[[ Supplied information open ]]
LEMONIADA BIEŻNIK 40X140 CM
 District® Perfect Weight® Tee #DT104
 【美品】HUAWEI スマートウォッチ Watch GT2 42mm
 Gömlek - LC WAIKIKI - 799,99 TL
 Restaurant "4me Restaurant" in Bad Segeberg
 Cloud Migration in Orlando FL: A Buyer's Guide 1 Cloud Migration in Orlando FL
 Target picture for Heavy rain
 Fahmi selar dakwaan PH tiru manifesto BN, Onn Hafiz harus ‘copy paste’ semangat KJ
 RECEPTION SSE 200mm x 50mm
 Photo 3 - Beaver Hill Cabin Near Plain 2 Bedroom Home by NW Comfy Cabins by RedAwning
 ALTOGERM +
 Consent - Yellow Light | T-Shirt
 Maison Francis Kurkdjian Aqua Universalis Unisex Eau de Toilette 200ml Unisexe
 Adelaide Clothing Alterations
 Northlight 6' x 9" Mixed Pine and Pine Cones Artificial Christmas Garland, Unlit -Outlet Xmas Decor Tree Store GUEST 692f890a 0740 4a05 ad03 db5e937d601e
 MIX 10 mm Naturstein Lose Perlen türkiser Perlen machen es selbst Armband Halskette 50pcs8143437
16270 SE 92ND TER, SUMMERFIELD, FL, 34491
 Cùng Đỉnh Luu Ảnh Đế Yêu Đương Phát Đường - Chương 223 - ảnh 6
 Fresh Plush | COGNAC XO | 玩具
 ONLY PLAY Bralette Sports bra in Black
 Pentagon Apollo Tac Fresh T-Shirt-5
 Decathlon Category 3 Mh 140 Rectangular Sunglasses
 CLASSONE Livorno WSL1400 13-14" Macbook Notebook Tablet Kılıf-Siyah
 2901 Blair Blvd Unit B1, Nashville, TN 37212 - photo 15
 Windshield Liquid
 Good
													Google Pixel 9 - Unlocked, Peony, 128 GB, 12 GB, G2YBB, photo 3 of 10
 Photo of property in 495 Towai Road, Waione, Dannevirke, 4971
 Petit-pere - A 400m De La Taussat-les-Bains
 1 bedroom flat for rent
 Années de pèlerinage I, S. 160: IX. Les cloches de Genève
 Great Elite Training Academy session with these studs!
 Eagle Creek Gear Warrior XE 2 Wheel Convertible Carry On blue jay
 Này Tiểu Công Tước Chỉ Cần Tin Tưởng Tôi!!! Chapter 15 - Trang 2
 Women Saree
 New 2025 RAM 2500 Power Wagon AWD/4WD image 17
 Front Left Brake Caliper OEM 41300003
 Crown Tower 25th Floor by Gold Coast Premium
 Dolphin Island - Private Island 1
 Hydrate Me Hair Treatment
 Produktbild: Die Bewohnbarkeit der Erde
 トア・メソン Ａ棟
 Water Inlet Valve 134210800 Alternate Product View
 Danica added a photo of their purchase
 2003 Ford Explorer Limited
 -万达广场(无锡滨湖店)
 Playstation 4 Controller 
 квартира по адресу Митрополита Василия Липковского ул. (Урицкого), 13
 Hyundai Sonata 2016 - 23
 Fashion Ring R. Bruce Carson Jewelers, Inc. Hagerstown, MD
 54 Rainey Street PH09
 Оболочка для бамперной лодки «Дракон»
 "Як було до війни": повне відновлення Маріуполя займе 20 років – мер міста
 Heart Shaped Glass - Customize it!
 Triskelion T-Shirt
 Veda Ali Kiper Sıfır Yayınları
[[ Supplied information closed ]]
◆ Exercise:
Repeat, exactly and only, the lines from the beginning of the material through the line that contains "Google Pixel 9".

◆ Reply:
LEMONIADA BIEŻNIK 40X140 CM
 District® Perfect Weight® Tee #DT104
 【美品】HUAWEI スマートウォッチ Watch GT2 42mm
 Gömlek - LC WAIKIKI - 799,99 TL
 Restaurant "4me Restaurant" in Bad Segeberg
 Cloud Migration in Orlando FL: A Buyer's Guide 1 Cloud Migration in Orlando FL
 Target picture for Heavy rain
 Fahmi selar dakwaan PH tiru manifesto BN, Onn Hafiz harus ‘copy paste’ semangat KJ
 RECEPTION SSE 200mm x 50mm
 Photo 3 - Beaver Hill Cabin Near Plain 2 Bedroom Home by NW Comfy Cabins by RedAwning
 ALTOGERM +
 Consent - Yellow Light | T-Shirt
 Maison Francis Kurkdjian Aqua Universalis Unisex Eau de Toilette 200ml Unisexe
 Adelaide Clothing Alterations
 Northlight 6' x 9" Mixed Pine and Pine Cones Artificial Christmas Garland, Unlit -Outlet Xmas Decor Tree Store GUEST 692f890a 0740 4a05 ad03 db5e937d601e
 MIX 10 mm Naturstein Lose Perlen türkiser Perlen machen es selbst Armband Halskette 50pcs8143437
16270 SE 92ND TER, SUMMERFIELD, FL, 34491
 Cùng Đỉnh Luu Ảnh Đế Yêu Đương Phát Đường - Chương 223 - ảnh 6
 Fresh Plush | COGNAC XO | 玩具
 ONLY PLAY Bralette Sports bra in Black
 Pentagon Apollo Tac Fresh T-Shirt-5
 Decathlon Category 3 Mh 140 Rectangular Sunglasses
 CLASSONE Livorno WSL1400 13-14" Macbook Notebook Tablet Kılıf-Siyah
 2901 Blair Blvd Unit B1, Nashville, TN 37212 - photo 15
 Windshield Liquid
 Good
													Google Pixel 9 - Unlocked, Peony, 128 GB, 12 GB, G2YBB, photo 3 of 10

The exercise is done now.